# Mounting Vee Box Spreader?



## cturrisi (Nov 10, 2005)

Just bought a new salt dogg stainless vee box spreader and the directions say to bolt the spreader to the frame of the truck. Is this what everyone does? I was thinking of making a stainless steel frame that would mount to the spreader and then mount to my gooseneck ball mount in the bed? What does everyone else do?

Thanks,


----------



## Mackman (Nov 3, 2009)

I just use 4 straps.


----------



## vinnys (Mar 9, 2007)

Galvanized chain, turn buckles and shackles, One set in each corner.


----------



## paponte (Oct 28, 2003)

vinnys;1248097 said:


> Galvanized chain, turn buckles and shackles, One set in each corner.


Bingo! Thumbs Up


----------



## vinnys (Mar 9, 2007)

Hey guys, Where on Long Island are you? I'm in Shirley. Push for Brookhaven Town. Sorry, don't want to hijack thread.


----------



## paponte (Oct 28, 2003)

There's a LI thread under weather discussions.


----------



## Stan (Nov 28, 2003)

vinnys;1248134 said:


> Hey guys, Where on Long Island are you?

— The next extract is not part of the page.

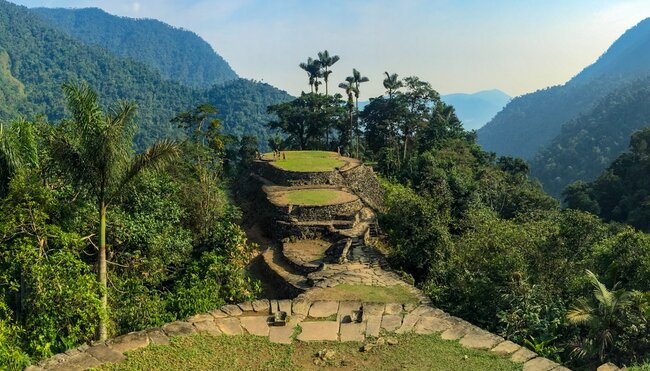 Travellers look around the Lost City of the Tayrona people sits in the Sierra Nevada mountains in northwestern Colombia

I'm in Shirley. Push for Brookhaven Town. Sorry, don't want to hijack thread.


Chain & turnbuckles better than straps

Sorry for the hi-jack: 
Get paid from Dec yet?


----------



## vinnys (Mar 9, 2007)

Nope!!!!!!!!!!


----------



## Plow man Foster (Dec 10, 2010)

We dont have any Vbox's But with our liquid rigs we put a 3 Foot (across) piece of i thing decking or post wood in between the cab and the liquid rig.... then strap everything Front to back , Back to fron with 2" Ratchets each rated for more than 10,000 pounds!


----------



## Winter Land Man (Aug 9, 2005)

A lot of guys use wood on the bottom. Torwel will do it for you when you buy a spreader from them. So will some other dealerships.


----------



## sven1277 (Jan 15, 2008)

I have been using 4 straps for years. Never had a problem. That is what my Downeaster came with installed from the dealer.


----------



## sven1277 (Jan 15, 2008)

I have been using 4 straps for years. Never had a problem. That is what my Downeaster came with installed from the dealer. Just look them over during your pre-storm check and you'll be fine.


----------



## Italiano67 (Feb 16, 2005)

Bolted right through the bed of my 2500HD. I never had luck with the straps. I never had a problem with bolting it down and a few holes in the bed doesnt bother me.


----------